Falacia del hombre de paja: cuando una persona refuta un argumento que no se elaboró. Es decir, cuando esa persona caracteriza incorrectamente lo que su contraparte dijo con el fin de ganar una discusión.

Esta falacia no es nueva; existe según registros históricos, desde por lo menos 1620. Sin embargo, con el advenimiento de las redes sociales y con el tránsito de la esfera de discusión pública hacia estos nuevos espacios –por ejemplo, Twitter–, es cada vez más común ver cómo se utiliza para fingir cierto tipo de superioridad intelectual.

El incremento de su popularidad se debe a dos motivos en particular. El primero, por la polarización política. Cada día es más clara la división, al menos en nuestro país, en dos corrientes: la que está con el gobierno y la que está en su contra. Esta clasificación sonará a verdad de Perogrullo, pero en el México posrevolucionario el odio entre ambos bandos había sido mucho menor al que vemos hoy. Es así como en redes vemos el auge del hombre de paja, o espantapájaros. Para denostar al otro, para hacerlo menos frente al grupo político al que uno pertenece, se le atribuye un nivel inferior de inteligencia y se tergiversa su argumento.

El segundo motivo se vincula al primero de manera directa: el rechazo a la tribu opositora cimienta la pertenencia en el grupo propio. Esto se puede medir, tanto en Facebook como en Twitter, en la cantidad de reacciones o de compartidas de un comentario o texto.

Ese sentimiento de pertenencia, y se ha mostrado con estudios científicos, también se asocia con una reacción física: mientras más aclamación reciba alguien, más endorfinas libera su cuerpo. Recibir retuits puede resultar adictivo.

Y es así como la red se ha poblado de estos espantapájaros, llevando a discusiones –entre comillas– donde los participantes son capaces de disminuir su nivel –primero de manera consciente, después quizás ya no–, con tal de obtener aprobación. Planteamientos que saben no son ciertos, caracterizaciones injustas, o simplemente aventar lodo, son sólo algunas de las cosas que uno observa en aquellos que tienen el público suficiente como para dirigir la discusión pública.

No es lo mismo que un troll o un usuario anónimo insulte como acostumbra, a que alguien con decenas o cientos de miles de “seguidores” participe de manera poco sincera –esté a favor del gobierno o en contra– y moldee la opinión con base en falacias. Y eso solo en el mundo virtual. En el real es todavía peor.

Todo esto viene a colación porque estamos a escasas semanas de que se lleve a cabo la jornada electoral en la que se renovarán la mitad de las gubernaturas del país y los 500 escaños de la Cámara de Diputados.

Conforme avanza la campaña y vemos a políticos y líderes de opinión abrir más la boca –o escribir más tuits– observamos la degradación cotidiana de la conversación pública.
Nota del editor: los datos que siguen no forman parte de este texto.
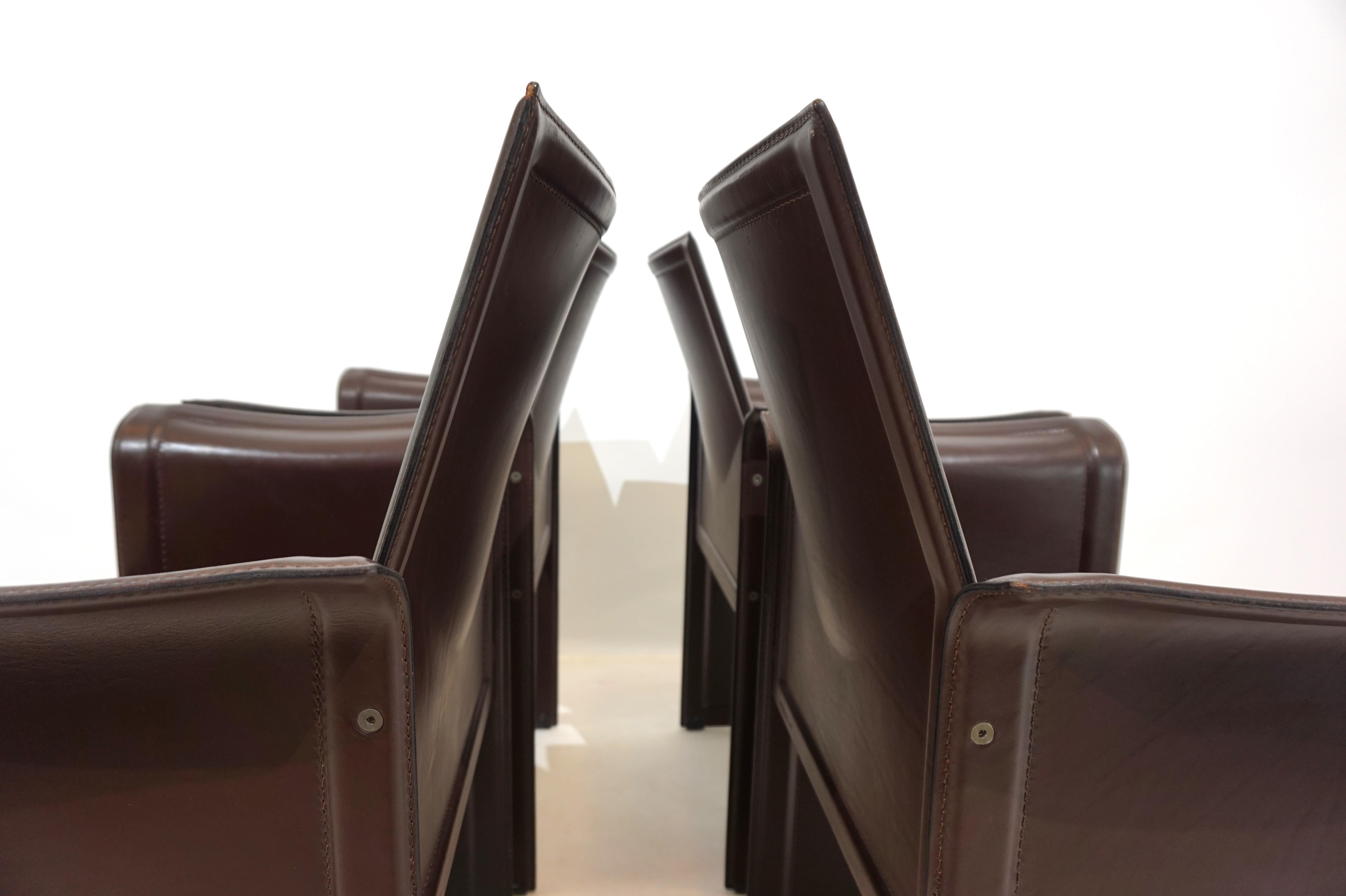 Ensemble de 4 chaises de salle à manger/conférence Korium de Matteo Grassi par Tito Agnoli en vente 3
Candidatos y presidentes de partido, por mencionar algunos, que mienten a sabiendas de los efectos de sus mentiras pueden llevar a un daño físico –por ejemplo, un toro y un líder partidista que llaman a desconocer a las instituciones que organizarán y calificarán la elección–, hasta opinadores que en su búsqueda por ocupar el espacio de los intelectuales de antaño buscan el aplauso fácil a través del falseo.
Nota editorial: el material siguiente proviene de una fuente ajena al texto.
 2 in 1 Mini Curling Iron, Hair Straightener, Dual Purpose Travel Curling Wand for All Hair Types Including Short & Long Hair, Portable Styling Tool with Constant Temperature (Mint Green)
Ya no los hacen como antes, diría la abuela.

Los políticos siempre han mentido, pero al menos antes no llamaban a la violencia. La paja política ahora corre riesgo de ensangrentarse porque nadie quiere creer que sus palabras tienen consecuencia.

Los intelectuales, ésos escribían libros, sostenían tesis. Estuviera de acuerdo uno con ellos o no, al menos lo que decían tenía rigor. Hoy lo único que hay son tuits que sólo contribuyen a que las antorchas se acerquen a la paja y la quemen.

Y a ver cómo se apaga el incendio. Porque con palabras no.